# Exercise details:
Please set down the records exactly, keeping every line.

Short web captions
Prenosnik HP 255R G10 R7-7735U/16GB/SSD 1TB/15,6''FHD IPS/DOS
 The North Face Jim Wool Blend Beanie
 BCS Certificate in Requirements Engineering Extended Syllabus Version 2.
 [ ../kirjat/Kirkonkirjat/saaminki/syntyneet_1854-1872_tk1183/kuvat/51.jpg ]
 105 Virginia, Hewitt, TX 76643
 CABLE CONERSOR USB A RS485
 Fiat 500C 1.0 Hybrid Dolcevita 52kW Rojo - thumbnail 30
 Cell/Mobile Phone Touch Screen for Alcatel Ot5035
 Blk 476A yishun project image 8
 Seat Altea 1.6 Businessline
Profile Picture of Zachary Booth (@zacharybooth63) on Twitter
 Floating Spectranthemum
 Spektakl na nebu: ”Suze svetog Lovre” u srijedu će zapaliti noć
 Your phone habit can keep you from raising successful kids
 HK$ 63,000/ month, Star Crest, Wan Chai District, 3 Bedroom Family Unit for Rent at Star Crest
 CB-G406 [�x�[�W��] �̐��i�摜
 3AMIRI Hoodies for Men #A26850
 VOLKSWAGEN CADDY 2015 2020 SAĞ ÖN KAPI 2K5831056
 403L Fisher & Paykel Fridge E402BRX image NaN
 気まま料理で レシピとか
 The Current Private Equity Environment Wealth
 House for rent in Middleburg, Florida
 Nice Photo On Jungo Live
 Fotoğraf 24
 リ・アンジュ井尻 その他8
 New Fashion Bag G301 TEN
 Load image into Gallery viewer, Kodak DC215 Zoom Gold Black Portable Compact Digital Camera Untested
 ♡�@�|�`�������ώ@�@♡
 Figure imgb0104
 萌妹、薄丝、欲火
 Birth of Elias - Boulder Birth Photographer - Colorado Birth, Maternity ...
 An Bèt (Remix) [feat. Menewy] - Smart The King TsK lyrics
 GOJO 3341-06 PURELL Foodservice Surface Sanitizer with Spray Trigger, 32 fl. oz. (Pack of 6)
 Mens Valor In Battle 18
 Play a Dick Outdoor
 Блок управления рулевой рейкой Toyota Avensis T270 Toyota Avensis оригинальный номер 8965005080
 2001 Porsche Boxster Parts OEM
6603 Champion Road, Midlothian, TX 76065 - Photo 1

# Answer for the task:
Prenosnik HP 255R G10 R7-7735U/16GB/SSD 1TB/15,6''FHD IPS/DOS
 The North Face Jim Wool Blend Beanie
 BCS Certificate in Requirements Engineering Extended Syllabus Version 2.
 [ ../kirjat/Kirkonkirjat/saaminki/syntyneet_1854-1872_tk1183/kuvat/51.jpg ]
 105 Virginia, Hewitt, TX 76643
 CABLE CONERSOR USB A RS485
 Fiat 500C 1.0 Hybrid Dolcevita 52kW Rojo - thumbnail 30
 Cell/Mobile Phone Touch Screen for Alcatel Ot5035
 Blk 476A yishun project image 8
 Seat Altea 1.6 Businessline
Profile Picture of Zachary Booth (@zacharybooth63) on Twitter
 Floating Spectranthemum
 Spektakl na nebu: ”Suze svetog Lovre” u srijedu će zapaliti noć
 Your phone habit can keep you from raising successful kids
 HK$ 63,000/ month, Star Crest, Wan Chai District, 3 Bedroom Family Unit for Rent at Star Crest
 CB-G406 [�x�[�W��] �̐��i�摜
 3AMIRI Hoodies for Men #A26850
 VOLKSWAGEN CADDY 2015 2020 SAĞ ÖN KAPI 2K5831056
 403L Fisher & Paykel Fridge E402BRX image NaN
 気まま料理で レシピとか
 The Current Private Equity Environment Wealth
 House for rent in Middleburg, Florida
 Nice Photo On Jungo Live
 Fotoğraf 24
 リ・アンジュ井尻 その他8
 New Fashion Bag G301 TEN
 Load image into Gallery viewer, Kodak DC215 Zoom Gold Black Portable Compact Digital Camera Untested
 ♡�@�|�`�������ώ@�@♡
 Figure imgb0104
 萌妹、薄丝、欲火
 Birth of Elias - Boulder Birth Photographer - Colorado Birth, Maternity ...
 An Bèt (Remix) [feat. Menewy] - Smart The King TsK lyrics
 GOJO 3341-06 PURELL Foodservice Surface Sanitizer with Spray Trigger, 32 fl. oz. (Pack of 6)
 Mens Valor In Battle 18
 Play a Dick Outdoor
 Блок управления рулевой рейкой Toyota Avensis T270 Toyota Avensis оригинальный номер 8965005080
 2001 Porsche Boxster Parts OEM
6603 Champion Road, Midlothian, TX 76065 - Photo 1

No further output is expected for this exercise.